## Instructions for the task
From the line containing "115 - A HEAD" to the last line of the data, both included, transcribe each line exactly, leaving out pictures and adding nothing.

## Information shown
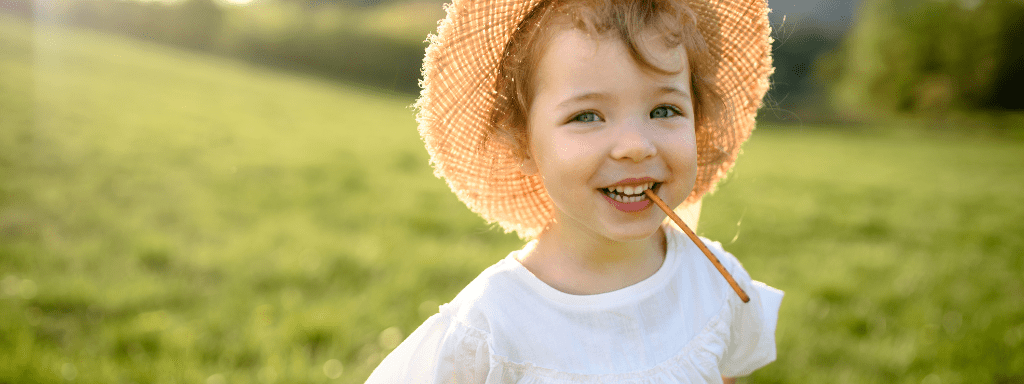 Things to do in Leeds: toddler is excitably running through a park.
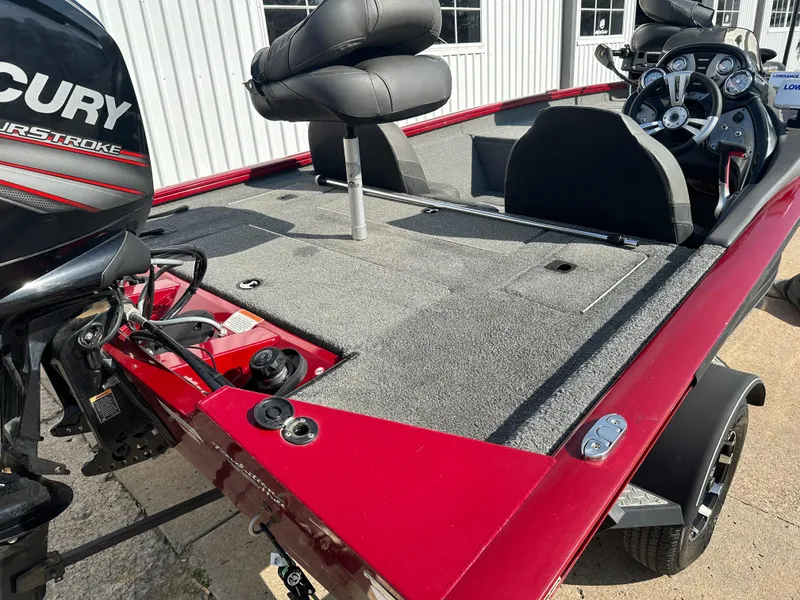 Slide: The Image of 2019 Tracker Pro Team 175 TXW Tournament Edition boat with Mercury engine, red and gray interior. - 12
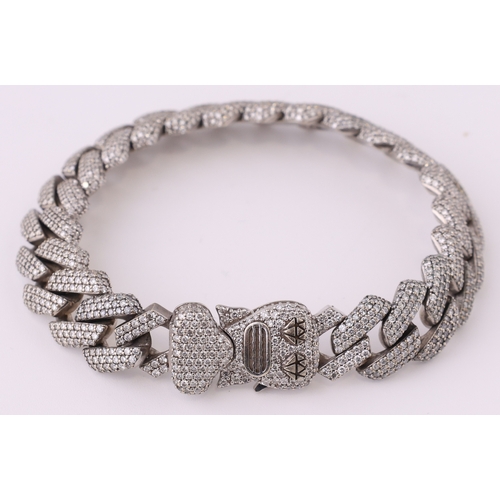 115 - A HEAD TURNING 9K WHITE GOLD,FANCY LINK DIAMOND CLUSTER BRACELET. 7.50CTW OF DIAMONDS, H-I COLOUR, S... 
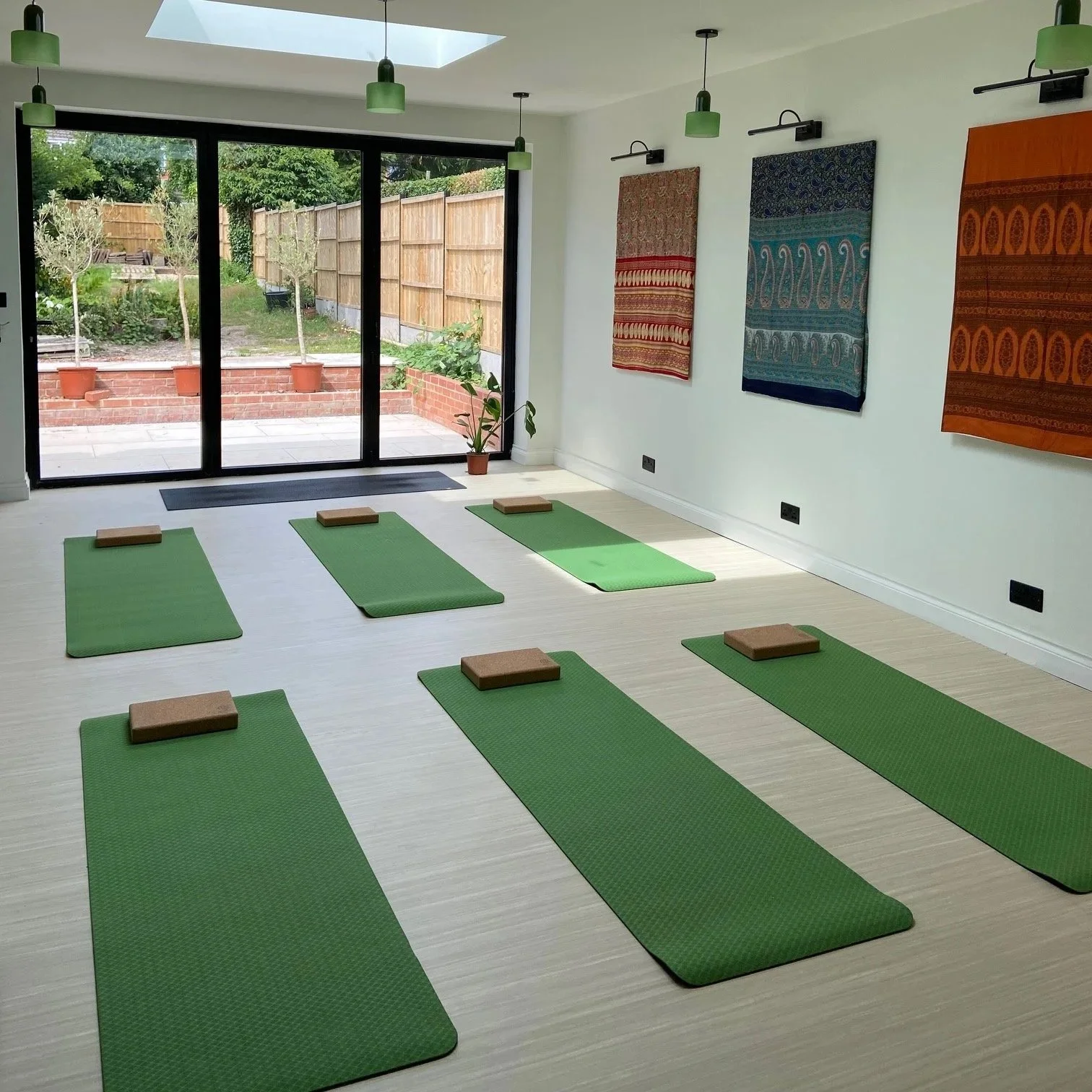 Indoor yoga or meditation space with six green mats and cork blocks, large sliding glass doors leading outside, and woven wall hangings.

## Answer space
 115 - A HEAD TURNING 9K WHITE GOLD,FANCY LINK DIAMOND CLUSTER BRACELET. 7.50CTW OF DIAMONDS, H-I COLOUR, S... 
 Indoor yoga or meditation space with six green mats and cork blocks, large sliding glass doors leading outside, and woven wall hangings.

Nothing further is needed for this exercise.